It’s 2:30am so I’m going to leave working through the probability analysis (comparing the probability of such a \mathsf{cv} corresponding to a broken sender setting \mathsf{rcv} = 0 vs a real value with a randomly-sampled \mathsf{rcv}' producing it) as an exercise to the reader. What this means in practice is that as long as the sender’s RNG is good, we can rely on Pedersen commitments being unconditionally hiding, and therefore there is no brute-force attack possible with work smaller than the security parameter. And we rely on the sender’s RNG to be good for most aspects of the shielded protocol.

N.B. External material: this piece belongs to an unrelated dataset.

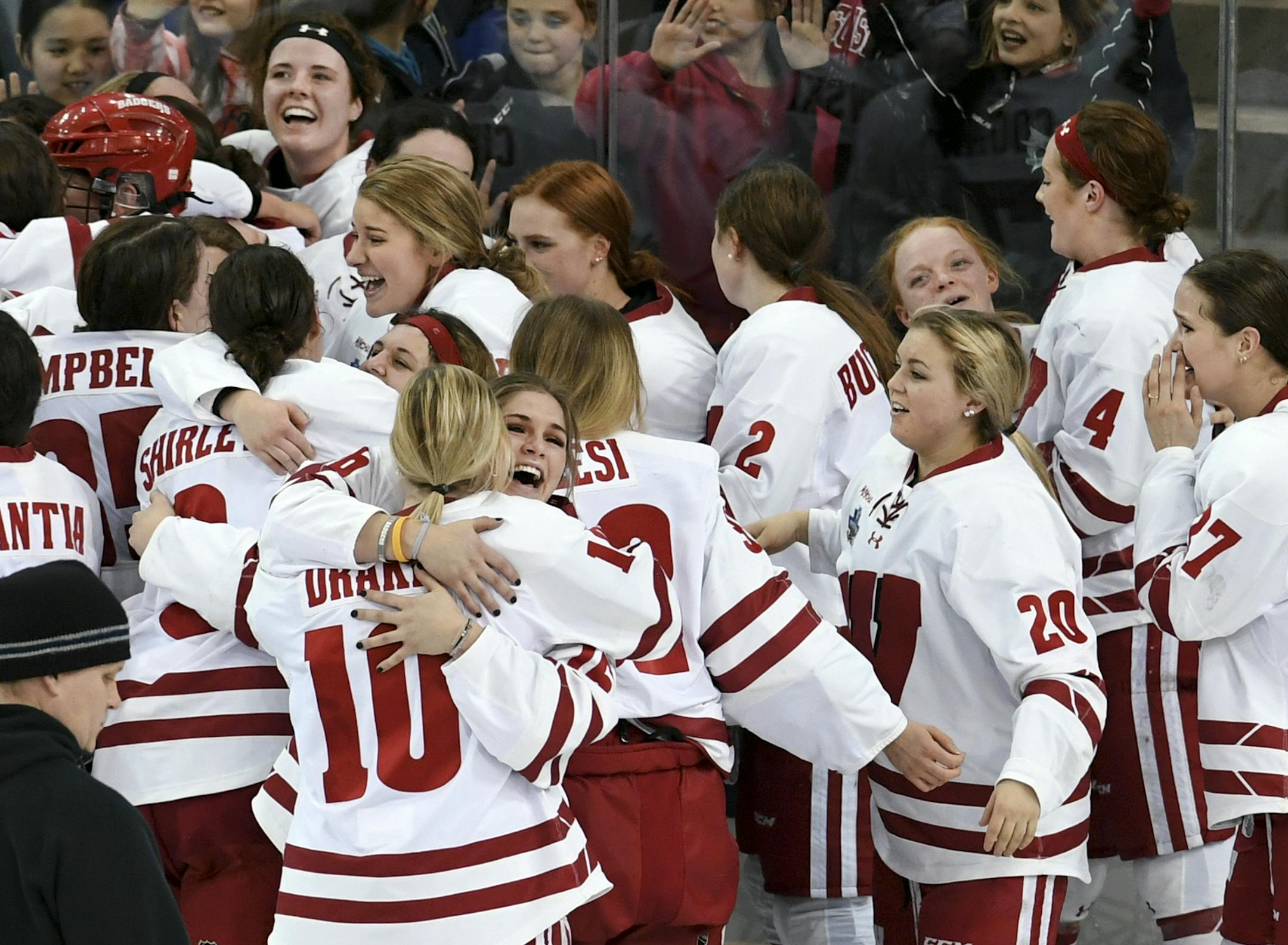 Wisconsin players gather after the team's 2-0 win over Minnesota in the NCAA Division I women's Frozen Four hockey championship final Sunday, March 24, 2019, in Hamden, Conn. (AP Photo/Stephen Dunn)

Just given the note value, no. You need to also know \mathsf{rcv} in order to derive \mathsf{cv} as above. If you’re the sender you’ll know this value for each of the output notes because they are sampled from your RNG during transaction creation, but transaction builders (should) discard them once the transaction has been created.

[1] Ideally wallets would check with their users as to what information a transaction is going to reveal before creating the transaction. This is completely impractical with the Bitcoin-inherited zcashd RPC workflow, but is something I’d like to see implemented in mobile wallets.

5 Likes

@str4d Thank you for the mini crypto lesson!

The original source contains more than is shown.